Records supplied »
[Start of Attachment]
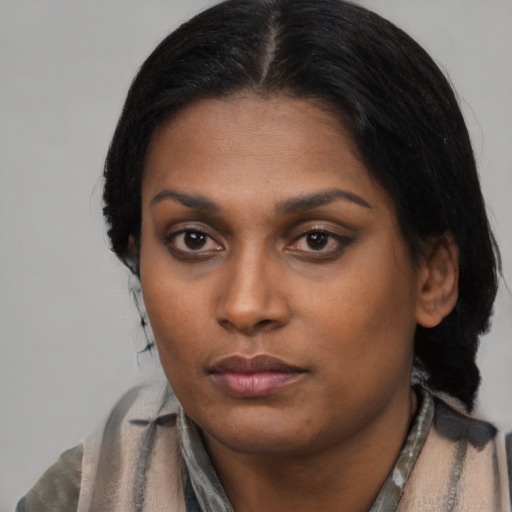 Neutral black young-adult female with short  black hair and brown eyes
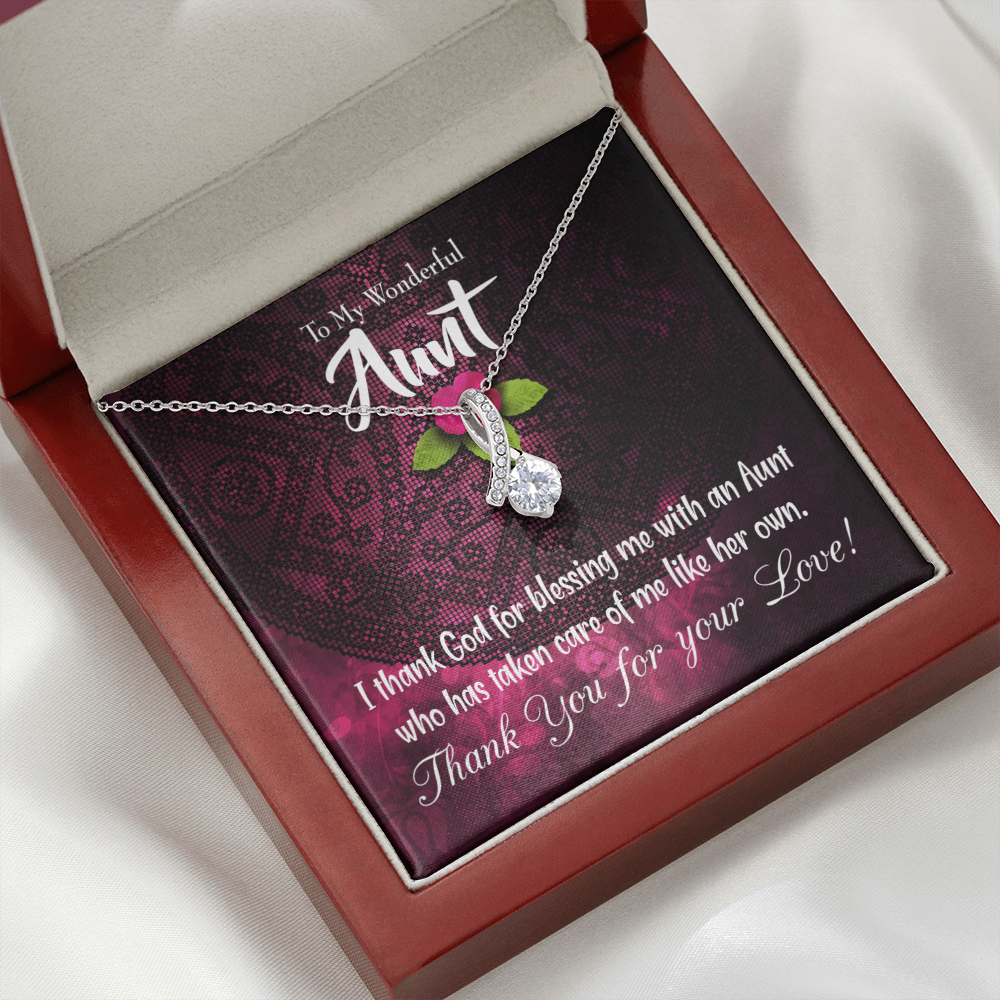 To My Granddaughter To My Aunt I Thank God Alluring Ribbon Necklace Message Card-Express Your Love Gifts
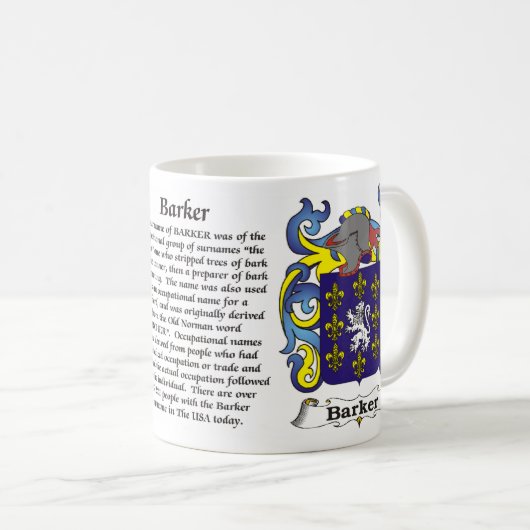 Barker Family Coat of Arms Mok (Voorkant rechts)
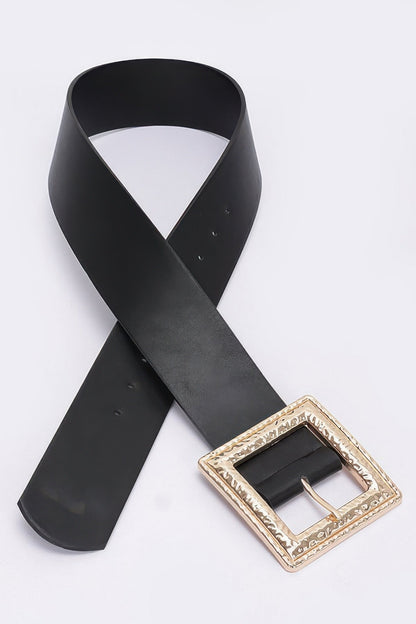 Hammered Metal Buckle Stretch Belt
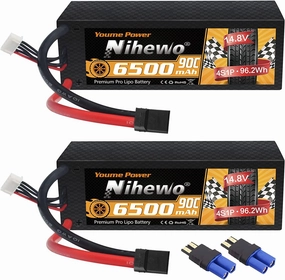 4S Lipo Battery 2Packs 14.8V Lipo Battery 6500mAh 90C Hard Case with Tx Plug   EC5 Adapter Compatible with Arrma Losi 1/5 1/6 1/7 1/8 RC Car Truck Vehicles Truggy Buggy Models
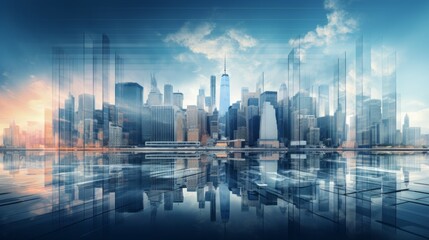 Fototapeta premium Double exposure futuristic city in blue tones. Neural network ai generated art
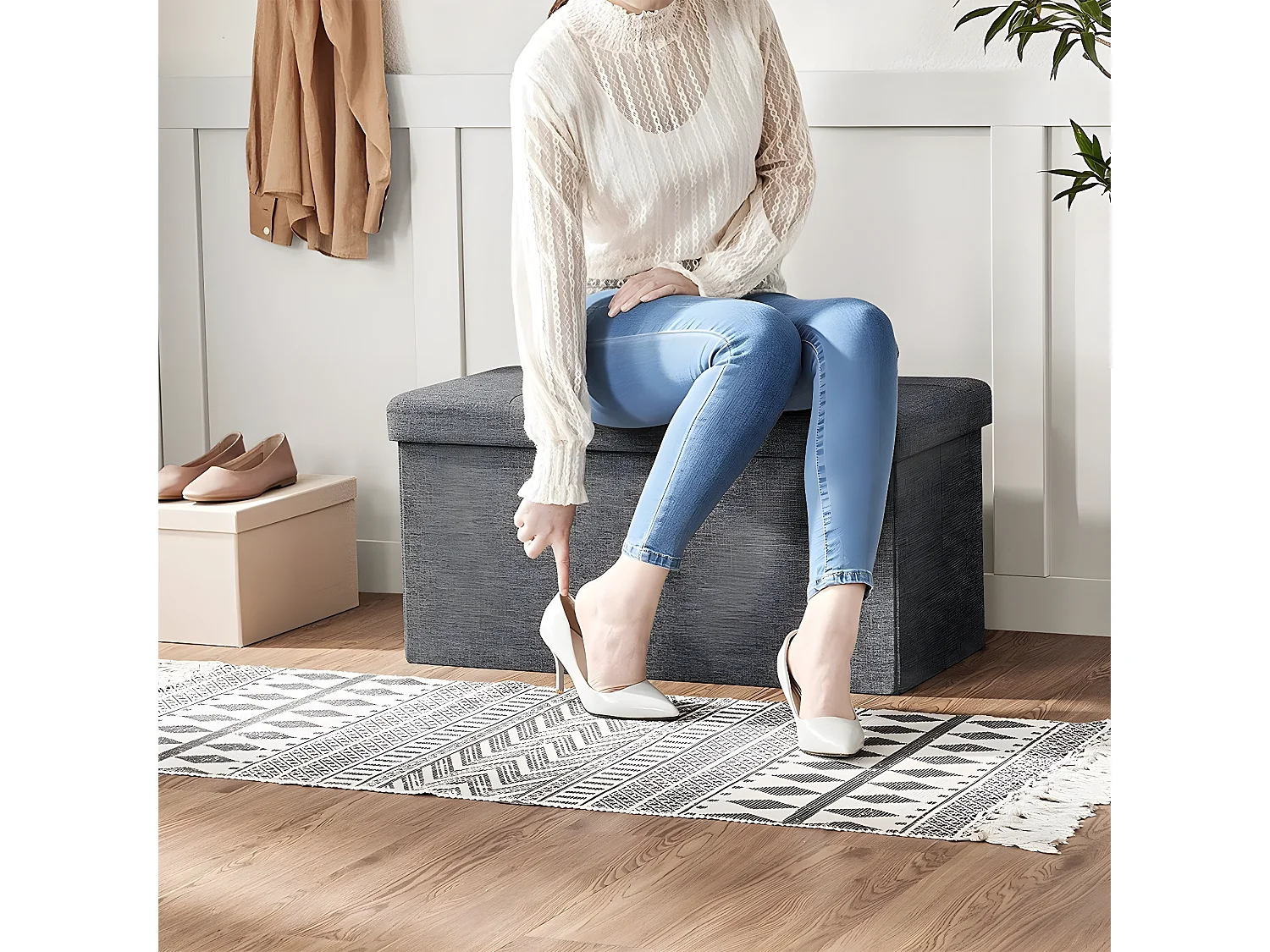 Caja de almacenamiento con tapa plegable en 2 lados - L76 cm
[End of Attachment]
[Start of Attachment]
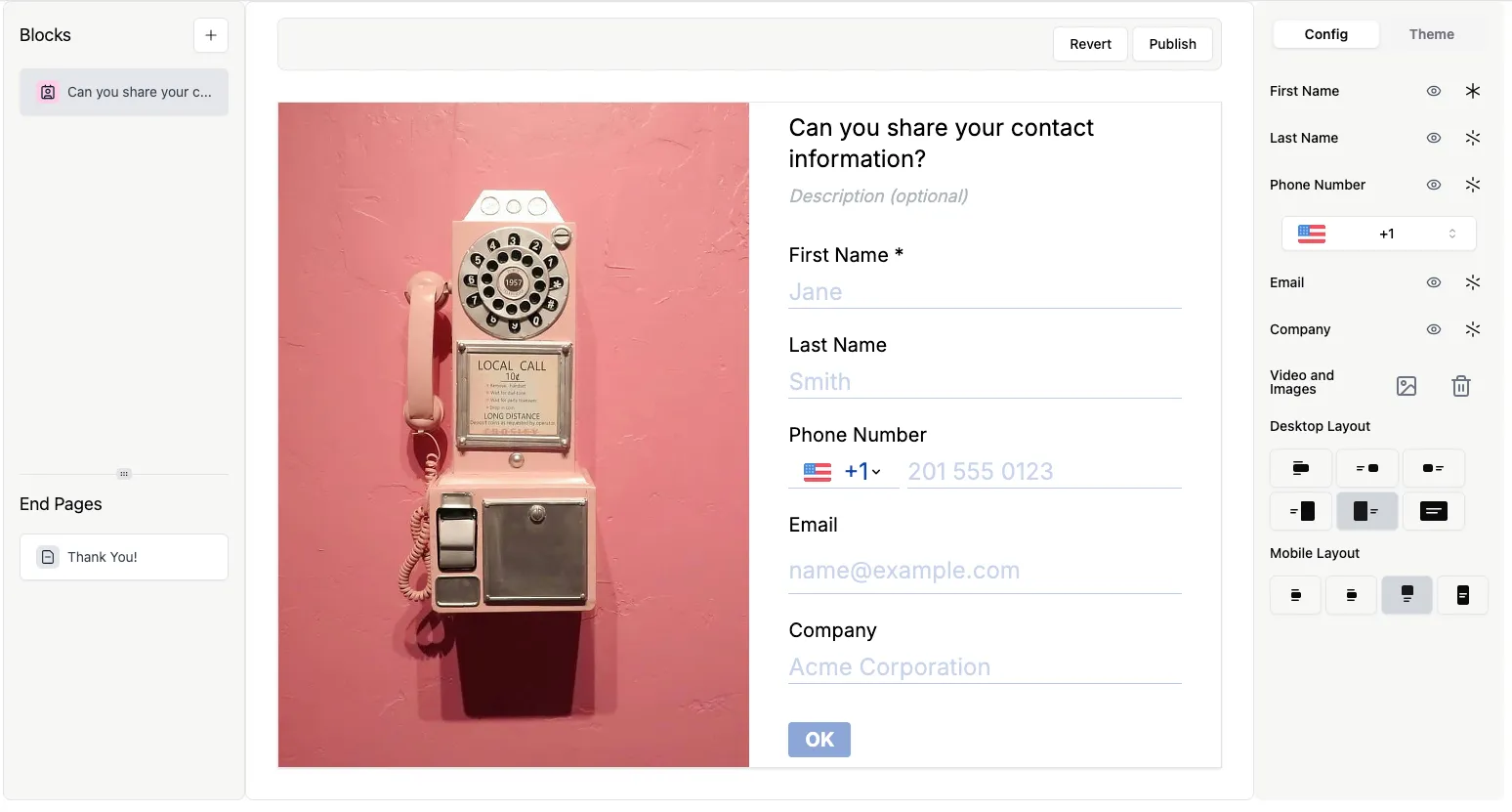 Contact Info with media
[End of Attachment]
Both the line containing "Neutral black young-adult" and the line containing "Caja de almacenamiento" above belong in the output, as do the lines between them. Print them exactly, without pictures.

Written response »
 Neutral black young-adult female with short  black hair and brown eyes
 To My Granddaughter To My Aunt I Thank God Alluring Ribbon Necklace Message Card-Express Your Love Gifts
 Barker Family Coat of Arms Mok (Voorkant rechts)
 Hammered Metal Buckle Stretch Belt
 4S Lipo Battery 2Packs 14.8V Lipo Battery 6500mAh 90C Hard Case with Tx Plug   EC5 Adapter Compatible with Arrma Losi 1/5 1/6 1/7 1/8 RC Car Truck Vehicles Truggy Buggy Models
 Fototapeta premium Double exposure futuristic city in blue tones. Neural network ai generated art
 Caja de almacenamiento con tapa plegable en 2 lados - L76 cm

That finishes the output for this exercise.